다양한 모델을 활용하기 때문에 새로운 데이터에 효과적이다.

3 앙상블 학습의 효과를 보기 위해서는, 다양성이 중요하다.

차별성 있는 다양한 모델을 사용
각 모델에 서로 다른 학습 매개변수를 사용

2 What are Decision Trees and how to build a Decision Trees classifier

1 의사 결정 트리

규칙에 따라 데이터를 분할하는 분기를 만들고 분기에 따라 데이터를 세분화해 최종적으로 의사 결정을 내릴 수 있도록 구조화하는 방법이다. 학습을 통해 데이터 분기를 구축하고 데이터를 분류해 결과값(레이블)을 예측한다. 학습 알고리즘은 학습 데이터의 입력 데이터와 타깃 레이블 사이의 관계에 따라 규칙을 생성하고 이러한 규칙은 트리의 노드로 표현된다.

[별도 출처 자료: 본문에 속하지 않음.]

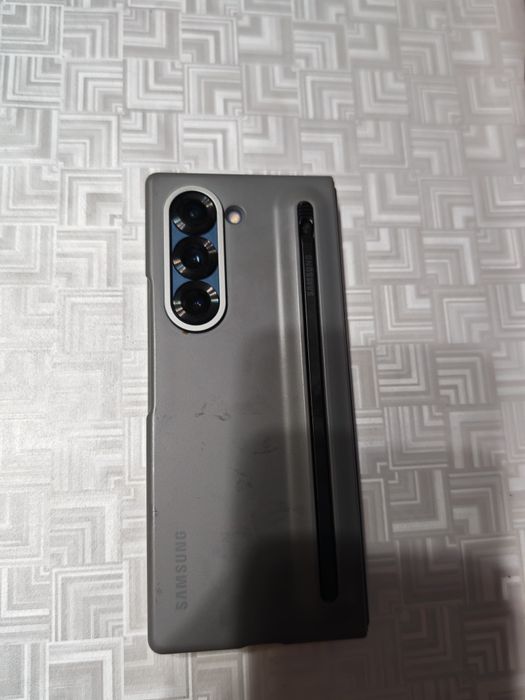 Samsung Galaxy Z Fold 6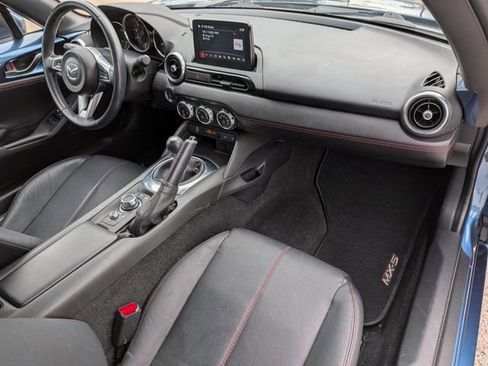 Used 2019 MAZDA MX-5 Miata Grand Touring RWD image 26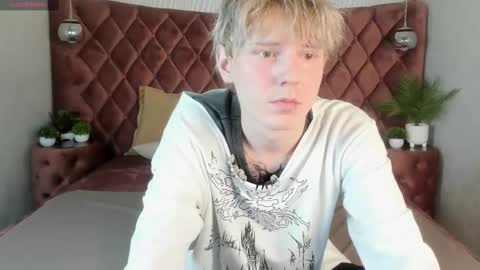 Snapshot of kevinm1lky chatting on October 2025 03:13:01 PM Kevin online show from October 2025 03:13:01 PM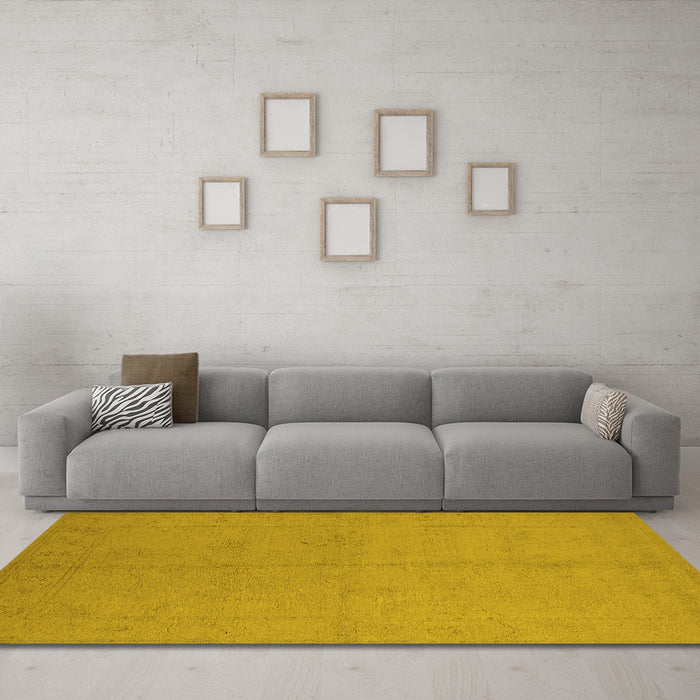 Machine Washable Oriental Yellow Industrial Rug in a Living Room, wshurb1104yw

데이터를 이용해 최적의 트리를 구축하기 위해서는 엔트로피라는 개념을 알아야 한다. 여기서 엔트로피란 정보의 불확실성 척도를 의미한다. 의사 결정 트리는 각 층에서 불확실성을 줄일 수 있도록 구축되어야 한다. 즉, 트리 아래로 이동할수록 엔트로피가 줄어들어야 한다는 것이다.

3 의사 결정 트리 기반 분류기 구축하기

import numpy as np 
import matplotlib.pyplot as plt 
from sklearn.metrics import classification_report 
from sklearn import cross_validation
from sklearn.tree import DecisionTreeClassifier 
 
from utilities import visualize_classifier

# Load input data 
input_file = 'data_decision_trees.txt' 
data = np.loadtxt(input_file, delimiter=',') 
X, y = data[:, :-1], data[:, -1] 

# Separate input data into two classes based on labels 
class_0 = np.array(X[y==0]) 
class_1 = np.array(X[y==1])

# Visualize input data 
plt.figure() 
plt.scatter(class_0[:, 0], class_0[:, 1], s=75, facecolors='black',  
            edgecolors='black', linewidth=1, marker='x') 
plt.scatter(class_1[:, 0], class_1[:, 1], s=75, facecolors='white',  
            edgecolors='black', linewidth=1, marker='o') 
plt.title('Input data')

# Split data into training and testing datasets  
X_train, X_test, y_train, y_test = cross_validation.train_test_split( 
            X, y, test_size=0.25, random_state=5)
            
# Decision Trees classifier  
params = {'random_state': 0, 'max_depth': 4} 
classifier = DecisionTreeClassifier(**params)
‘classifier.fit(X_train, y_train) 
visualize_classifier(classifier, X_train, y_train, 'Training dataset') 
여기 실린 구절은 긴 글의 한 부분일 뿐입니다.